— ASSIGNED TASK —
Would you print all of the entries exactly, please, but without their pictures?

MATERIAL TO PROCESS START

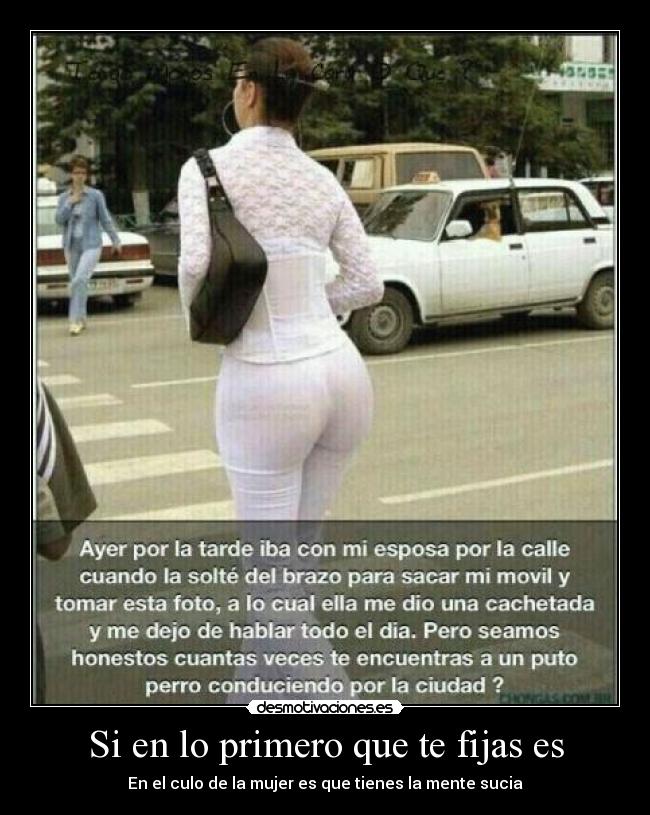 Si en lo primero que te fijas es - 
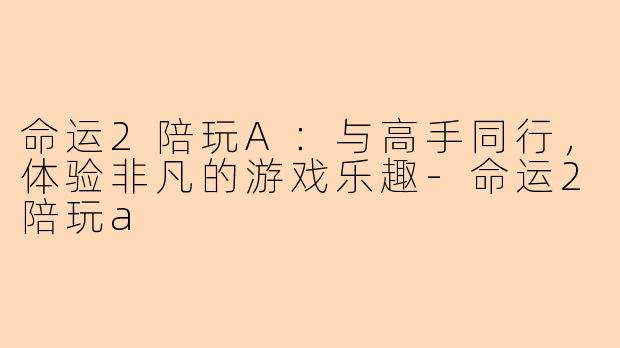 命运2陪玩A：与高手同行，体验非凡的游戏乐趣-命运2陪玩a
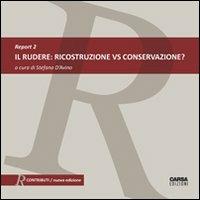 Il rudere. Ricostruzione vs conservazione? Report. Ediz. italiana e inglese. Vol. 2 - copertina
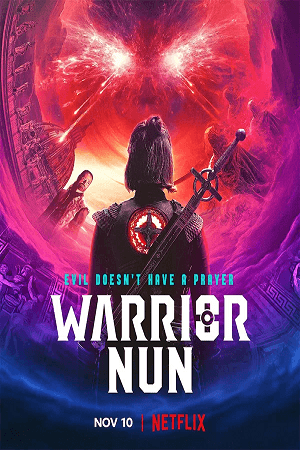 Download  Warrior Nun (Season 1 – 2) Netflix {English With Subtitles} 720p [180MB] WEB-DL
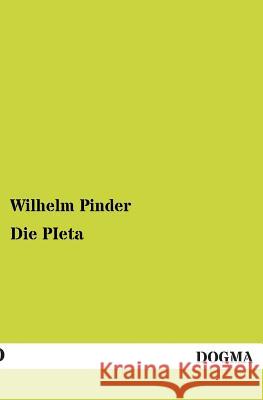 Die PIeta Pinder, Wilhelm 9783955072209 Dogma - książka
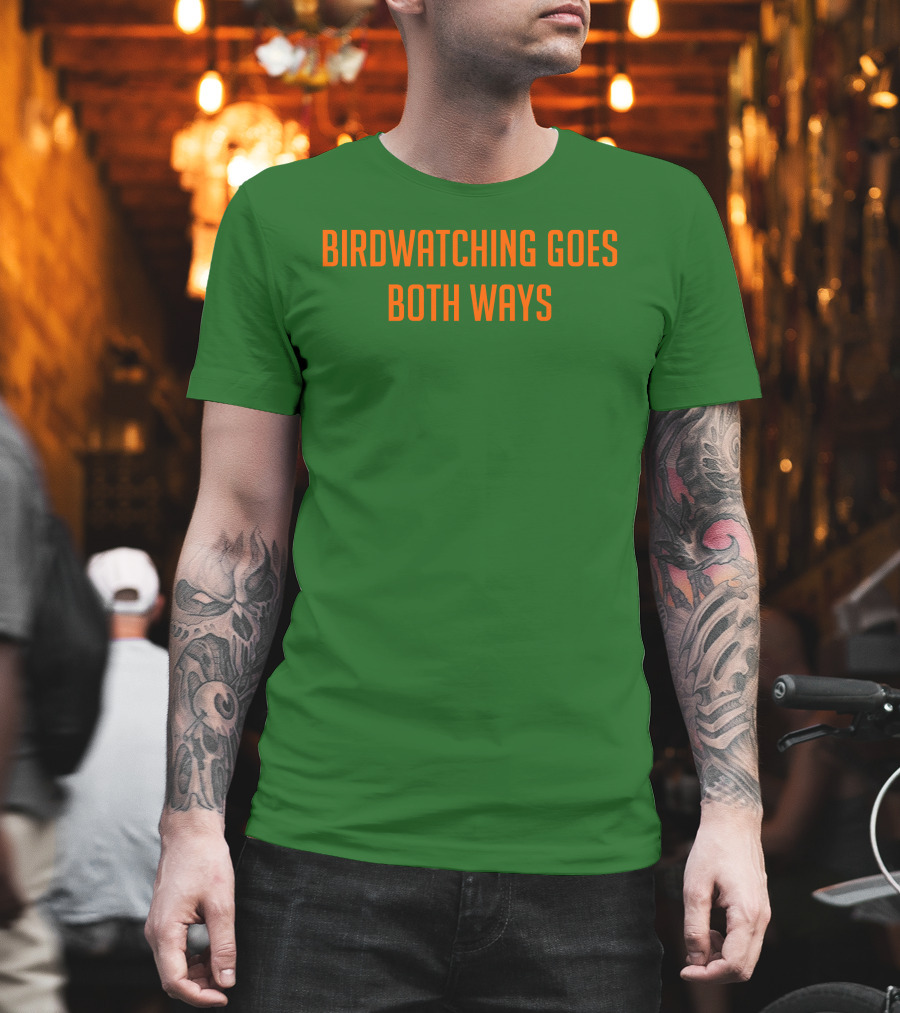 Birdwatching Goes Both Ways Jeffrey Cranor T-Shirt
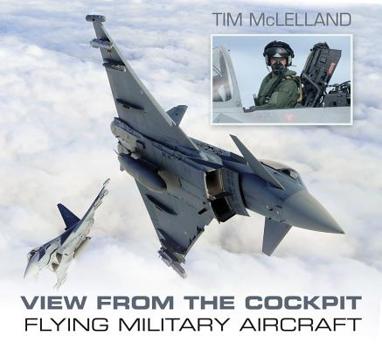 Paperback View from the Cockpit: Flying Military Aircraft Book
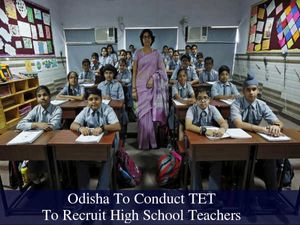 Odisha To Conduct TET To Recruit 7,000 High School Teachers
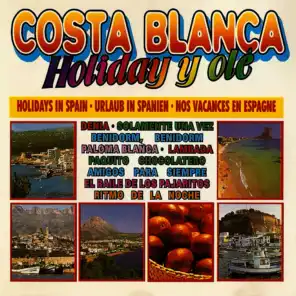 Costa Blanca, Holiday Y Olé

MATERIAL TO PROCESS END

— SOLUTION TO THE PROBLEM —
 Si en lo primero que te fijas es - 
 命运2陪玩A：与高手同行，体验非凡的游戏乐趣-命运2陪玩a
 Il rudere. Ricostruzione vs conservazione? Report. Ediz. italiana e inglese. Vol. 2 - copertina
 Download  Warrior Nun (Season 1 – 2) Netflix {English With Subtitles} 720p [180MB] WEB-DL
 Die PIeta Pinder, Wilhelm 9783955072209 Dogma - książka
 Birdwatching Goes Both Ways Jeffrey Cranor T-Shirt
 Paperback View from the Cockpit: Flying Military Aircraft Book
 Odisha To Conduct TET To Recruit 7,000 High School Teachers
 Costa Blanca, Holiday Y Olé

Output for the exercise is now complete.